— Your objective —
Locate, in the data below, the line that contains "Dorothy Perkins Womens" and the line that contains "Iconic Asian architectural"; reproduce exactly those two lines and every line between them, nothing more.

— Dataset entries —
-- Opening Marker --
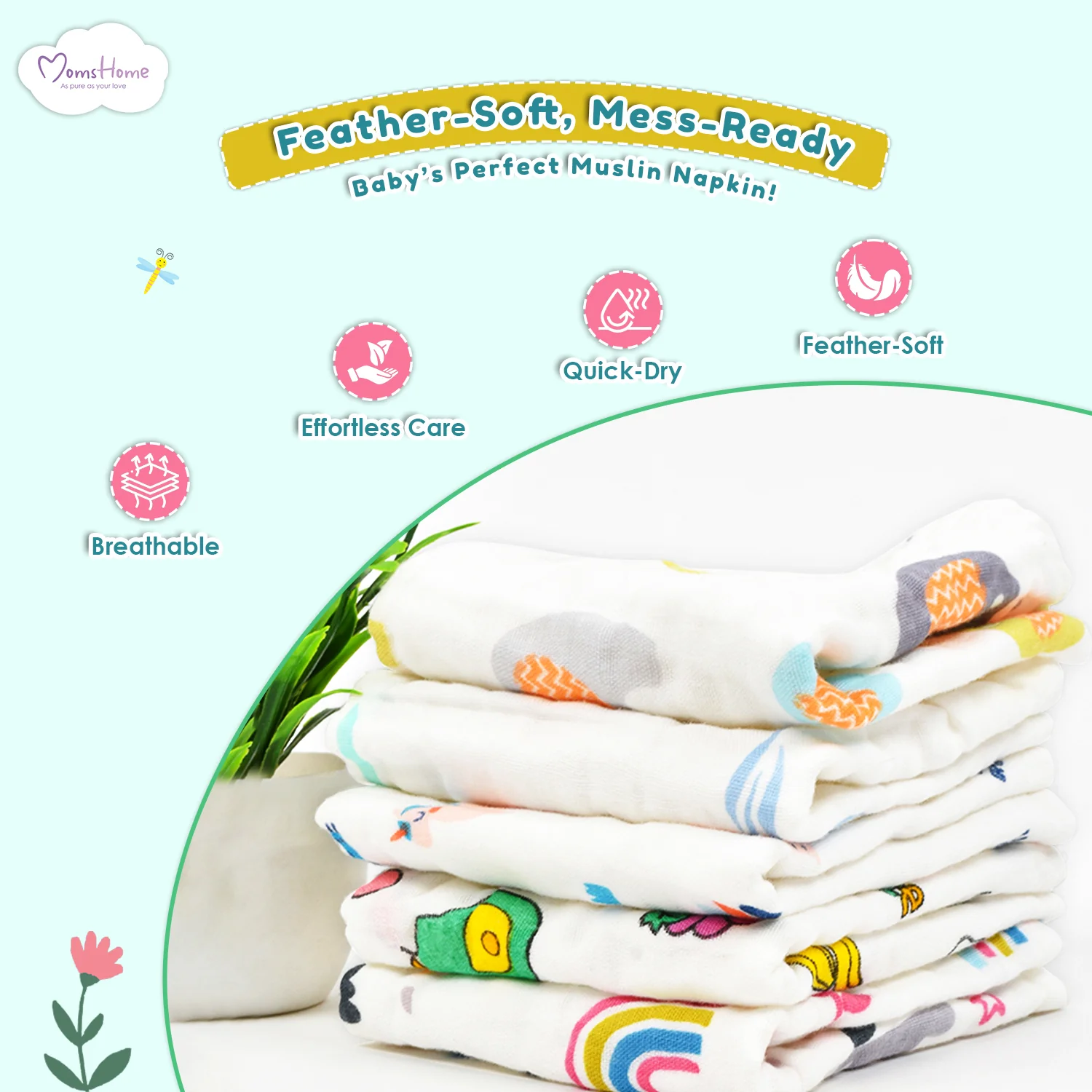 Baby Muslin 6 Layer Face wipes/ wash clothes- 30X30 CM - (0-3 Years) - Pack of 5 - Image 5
-- Closing Marker --
-- Opening Marker --
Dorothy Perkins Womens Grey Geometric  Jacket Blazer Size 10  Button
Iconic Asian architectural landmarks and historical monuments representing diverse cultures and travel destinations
-- Closing Marker --
-- Opening Marker --
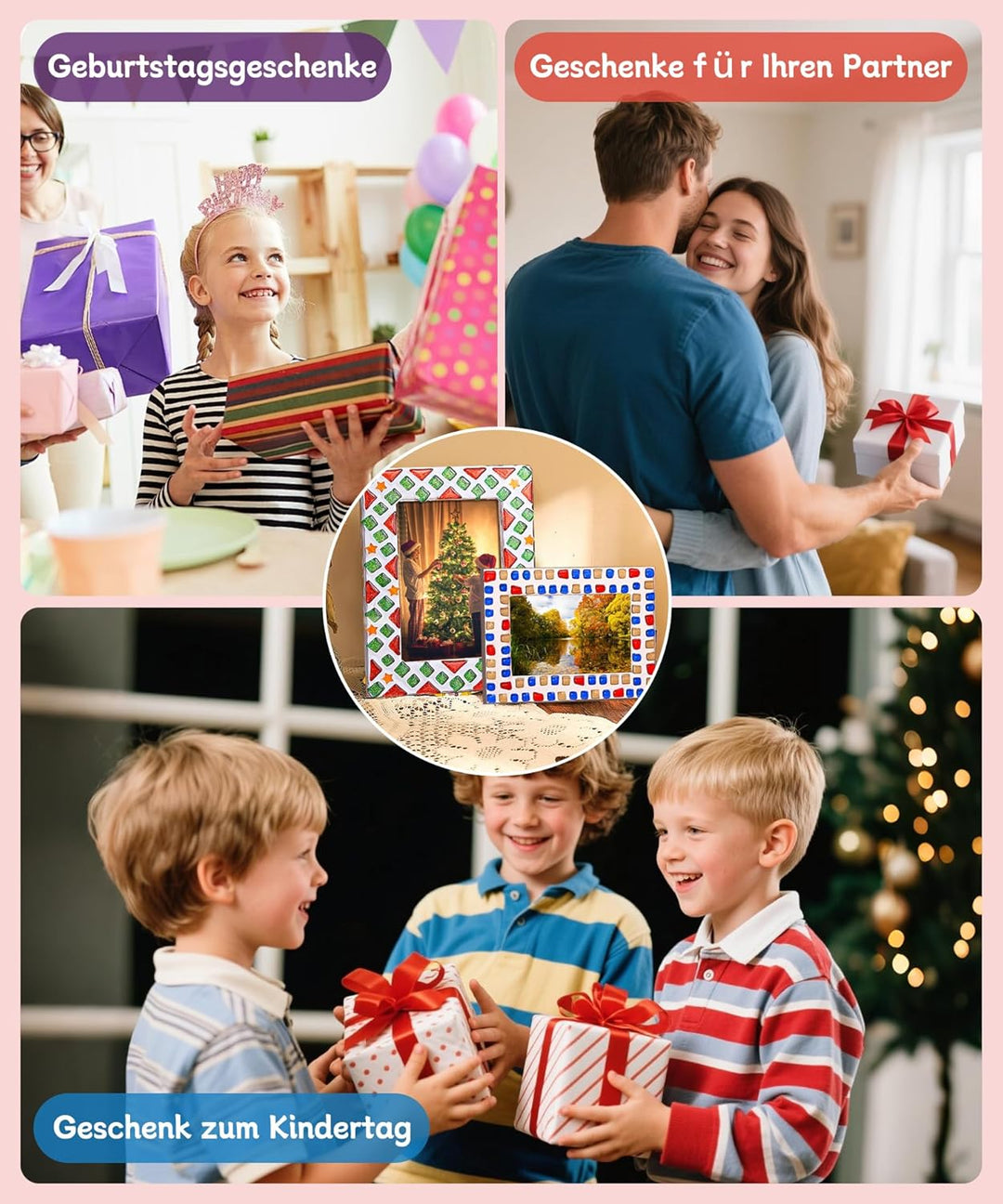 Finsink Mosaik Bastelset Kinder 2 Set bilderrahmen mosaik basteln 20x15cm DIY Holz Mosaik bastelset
-- Closing Marker --
— Problem solution —
Dorothy Perkins Womens Grey Geometric  Jacket Blazer Size 10  Button
Iconic Asian architectural landmarks and historical monuments representing diverse cultures and travel destinations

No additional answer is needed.